### Activity
Restate the data that follows exactly as it stands, beginning with the first line and ending with the line that contains "Blauwe gevleugelde Blauwgroen".

━━━ Material for this task

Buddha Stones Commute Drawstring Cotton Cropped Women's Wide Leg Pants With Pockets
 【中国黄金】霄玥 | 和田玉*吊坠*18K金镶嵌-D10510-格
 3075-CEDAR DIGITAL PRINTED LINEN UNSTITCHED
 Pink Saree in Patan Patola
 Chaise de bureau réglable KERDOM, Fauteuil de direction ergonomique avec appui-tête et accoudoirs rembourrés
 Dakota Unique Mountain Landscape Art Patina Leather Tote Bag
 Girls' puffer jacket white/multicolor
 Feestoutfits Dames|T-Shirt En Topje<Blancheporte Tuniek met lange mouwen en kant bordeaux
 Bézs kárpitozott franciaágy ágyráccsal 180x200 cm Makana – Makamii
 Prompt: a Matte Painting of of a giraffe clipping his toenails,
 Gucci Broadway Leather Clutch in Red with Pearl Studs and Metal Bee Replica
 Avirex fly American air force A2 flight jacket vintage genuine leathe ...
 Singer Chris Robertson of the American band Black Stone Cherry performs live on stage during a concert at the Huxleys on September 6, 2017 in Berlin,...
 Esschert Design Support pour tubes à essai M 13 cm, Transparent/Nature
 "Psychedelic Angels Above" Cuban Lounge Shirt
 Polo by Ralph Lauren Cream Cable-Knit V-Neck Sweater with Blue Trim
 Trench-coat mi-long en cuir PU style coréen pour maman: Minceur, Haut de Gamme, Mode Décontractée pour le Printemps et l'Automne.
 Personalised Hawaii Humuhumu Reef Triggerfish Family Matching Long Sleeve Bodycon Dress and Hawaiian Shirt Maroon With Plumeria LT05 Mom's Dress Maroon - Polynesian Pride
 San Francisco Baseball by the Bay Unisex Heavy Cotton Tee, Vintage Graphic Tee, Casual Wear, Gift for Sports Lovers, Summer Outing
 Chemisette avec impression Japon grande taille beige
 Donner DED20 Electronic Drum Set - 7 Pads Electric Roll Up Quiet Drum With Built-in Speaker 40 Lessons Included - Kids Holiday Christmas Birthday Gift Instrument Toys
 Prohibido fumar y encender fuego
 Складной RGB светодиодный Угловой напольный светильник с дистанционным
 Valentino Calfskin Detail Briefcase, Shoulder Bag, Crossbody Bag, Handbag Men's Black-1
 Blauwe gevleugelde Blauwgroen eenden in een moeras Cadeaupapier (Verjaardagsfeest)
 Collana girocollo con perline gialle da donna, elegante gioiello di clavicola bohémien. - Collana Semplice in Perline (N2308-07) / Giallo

━━━━━━

### Reply to the exercise
Buddha Stones Commute Drawstring Cotton Cropped Women's Wide Leg Pants With Pockets
 【中国黄金】霄玥 | 和田玉*吊坠*18K金镶嵌-D10510-格
 3075-CEDAR DIGITAL PRINTED LINEN UNSTITCHED
 Pink Saree in Patan Patola
 Chaise de bureau réglable KERDOM, Fauteuil de direction ergonomique avec appui-tête et accoudoirs rembourrés
 Dakota Unique Mountain Landscape Art Patina Leather Tote Bag
 Girls' puffer jacket white/multicolor
 Feestoutfits Dames|T-Shirt En Topje<Blancheporte Tuniek met lange mouwen en kant bordeaux
 Bézs kárpitozott franciaágy ágyráccsal 180x200 cm Makana – Makamii
 Prompt: a Matte Painting of of a giraffe clipping his toenails,
 Gucci Broadway Leather Clutch in Red with Pearl Studs and Metal Bee Replica
 Avirex fly American air force A2 flight jacket vintage genuine leathe ...
 Singer Chris Robertson of the American band Black Stone Cherry performs live on stage during a concert at the Huxleys on September 6, 2017 in Berlin,...
 Esschert Design Support pour tubes à essai M 13 cm, Transparent/Nature
 "Psychedelic Angels Above" Cuban Lounge Shirt
 Polo by Ralph Lauren Cream Cable-Knit V-Neck Sweater with Blue Trim
 Trench-coat mi-long en cuir PU style coréen pour maman: Minceur, Haut de Gamme, Mode Décontractée pour le Printemps et l'Automne.
 Personalised Hawaii Humuhumu Reef Triggerfish Family Matching Long Sleeve Bodycon Dress and Hawaiian Shirt Maroon With Plumeria LT05 Mom's Dress Maroon - Polynesian Pride
 San Francisco Baseball by the Bay Unisex Heavy Cotton Tee, Vintage Graphic Tee, Casual Wear, Gift for Sports Lovers, Summer Outing
 Chemisette avec impression Japon grande taille beige
 Donner DED20 Electronic Drum Set - 7 Pads Electric Roll Up Quiet Drum With Built-in Speaker 40 Lessons Included - Kids Holiday Christmas Birthday Gift Instrument Toys
 Prohibido fumar y encender fuego
 Складной RGB светодиодный Угловой напольный светильник с дистанционным
 Valentino Calfskin Detail Briefcase, Shoulder Bag, Crossbody Bag, Handbag Men's Black-1
 Blauwe gevleugelde Blauwgroen eenden in een moeras Cadeaupapier (Verjaardagsfeest)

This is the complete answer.